Nella foto a
sinistra (ripresa dal web): Pianta del miglio. A San Fili spesso usiamo chiamare “farina
miglinu” (quella che utilizziamo per fare la polenta o la stessa “mpigliolata
santufilise” la farina di mais. Eppure la pianta del miglio è una pianta
che ha ben poco a dividere con la pianta del mais... o forse, per quanto
riguarda anche noi sanfilesi, no?
Articolo
pubblicato sul Notiziario Sanfilese del mese di marzo del 2018... by Pietro
Perri.
E
se la farina utilizzata per fare la ‘mpigliolata o “u pane
miglinu” non fosse farina di miglio? Sarebbe un bel guaio, vero?
E
invece no! ... anche perché la farina che a San Fili ancora oggi chiamiamo
familiarmente “farina di miglio o miglina” in effetti tutto è tranne che
“farina di miglio”.
Più
precisamente è farina di mais o farina di granturco.
Un
errore questo che sembra ci portiamo ormai avanti da tempo immemore. Un errore
che facevo anch’io... prima di iniziare a scrivere quest’articolo sulla ‘mpigliolata.
A
farmi aprire gli occhi in merito è stato il nostro compaesano Achille Blasi, da
tempo residente a Milano ovvero nella capitale del popolo dei polentoni. Quindi
chi meglio di lui poteva farmi capire che c’è una bella differenza tra la
pianta del miglio e la pianta del mais o granturco che dir si voglia?
Un
errore evidenziato persino da Luigi Accattatis già alla fine del XIX secolo nel
suo famoso, per noi cosentini in particolare, “Dizionario del Dialetto
Calabrese” (Cosenza 15 gennaio 1895/30 marzo 1898). In tale dizionario alla
voce “migliu” infatti leggiamo:
* * *
Migliu, s. m. Miglio; Pianta rada, pendente
che fa un seme piccolo, rotondo, lucido, gialliccio chiamato con lo stesso
nome, e si adopera specialmente per cibo di certi uccelli. E’ nota in botanica
col nome di Panicum miliareum, ed è originaria dell’India || Migliu chiamano
impropriamente anche il Granone o Granturco: Pane de -; Pane di
grano d’India, sebbene anche del miglio che noi coltiviamo, la gente povera
faccia delle focacce per isfamarsi.
* * *
La
domanda a tal punto sorge spontanea: come mai i nostri nonni, i nostri padri e
persino qualcuno di noi ancora oggi chiamiamo miglio il mais?
Diciamo
che il miglio ed il mais un po’ come pianta si somigliano (almeno a vederle su
internet in quanto personalmente a questo punto dubito di aver mai visto una
pianta di miglio in vita mia). Ed un po’ si somigliano anche come forma e
colore del seme.
Non
solo: anche il seme del miglio può essere macinato e quindi dallo stesso si può
ricavare anche una farina anche se a conservazione decisamente ridotta. E da
tale farina sembra si possano anche ricavare delle pagnotte (l’originario pane miglinu?)

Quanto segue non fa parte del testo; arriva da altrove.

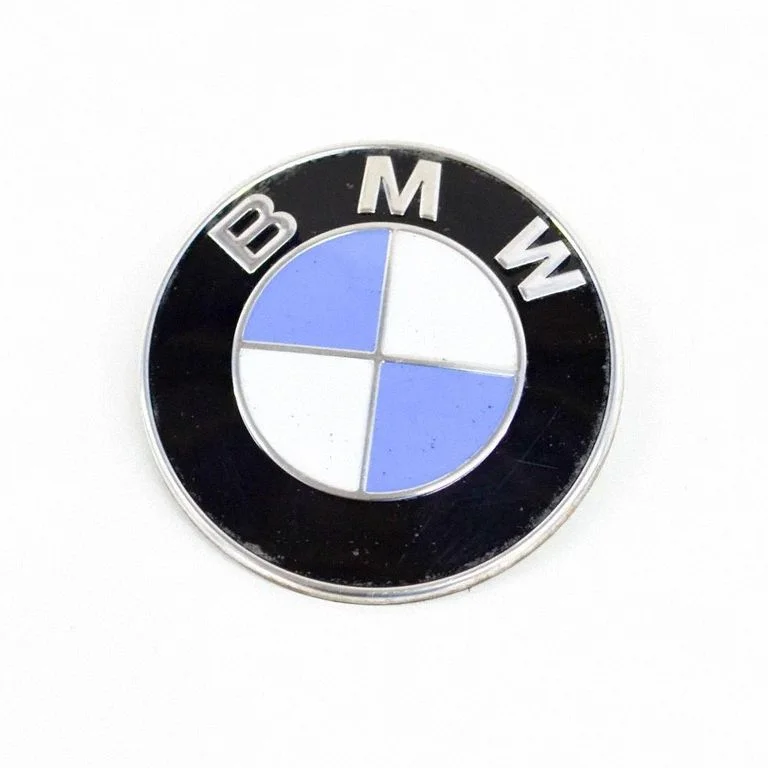 Ražotāja emblēma/modeļa burti 7463715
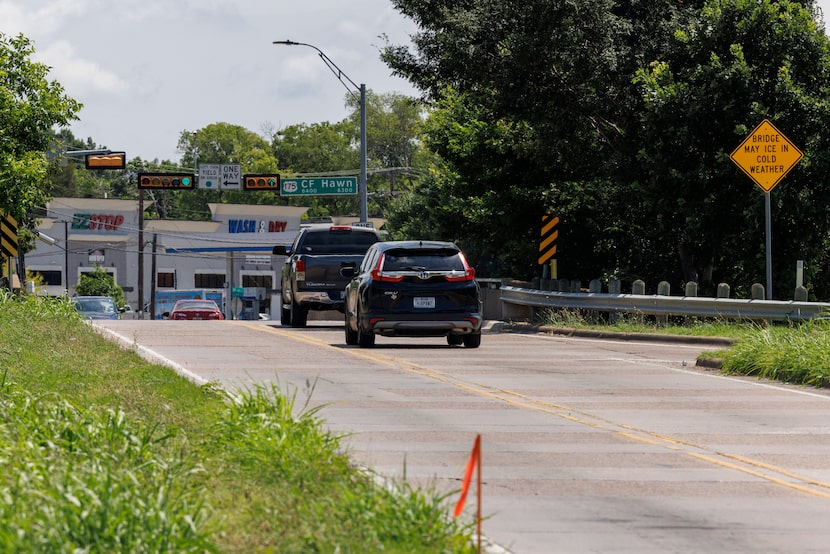 Cars pass over C.F. Hawn Freeway on the narrow Lake June Road bridge June 26. The Texas...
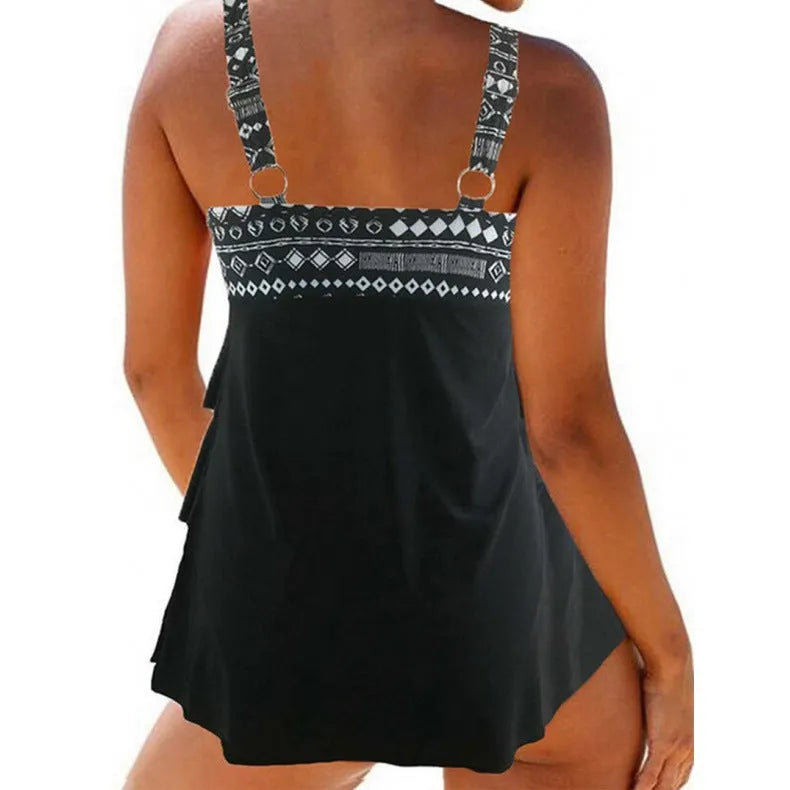 Plus-size women's split swimsuit with double shoulder straps and a decorative bow, shown in picture colour.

e presumibilmente la ‘mpiglionata di farina di mais o
granturco non ha fatto altro, in tempi a dir poco ormai remoti, che prendere il
posto alla ‘mpigliolata realizzata anticamente con farina di
miglio.
Non
mi meraviglierei infatti che i nostri trisnonni e/o i loro ascendenti
conoscessero più la coltivazione del miglio vero e proprio dalle nostre parti
che quella del mais o granturco. Coltivazione presumibilmente meno faticosa per
quanto riguarda il lavoro e più proficua dal punto del rendimento.
E
venne l’era dei pop-corn.
Coltivazione
sostituita quasi completamente nel corso del XX secolo con quella del grano per
la sua più apprezzata (ma anche più dannosa, ce ne rendiamo tristemente conto
oggi) “farina bianca”.
Inutile
dire, per quanto riguarda la fruttificazione, che mentre con il mais siamo
difronte ad una pannocchia con il miglio siamo difronte ad una spiga.
A
proposito: il granturco o mais in dialetto (più nel dialetto dei nostri nonni,
comunque, che nel nostro) è detto ‘ndianu o ‘nniànu (abbreviazione
di “grano indiano” o “grano turco” nel senso di esotico).
Oggi
il miglio, ormai quasi sconosciuto in Italia, è coltivato in particolare
nell’Europa orientale.
* * *
Un
caro abbraccio a tutti dal sempre vostro affezionato Pietro Perri.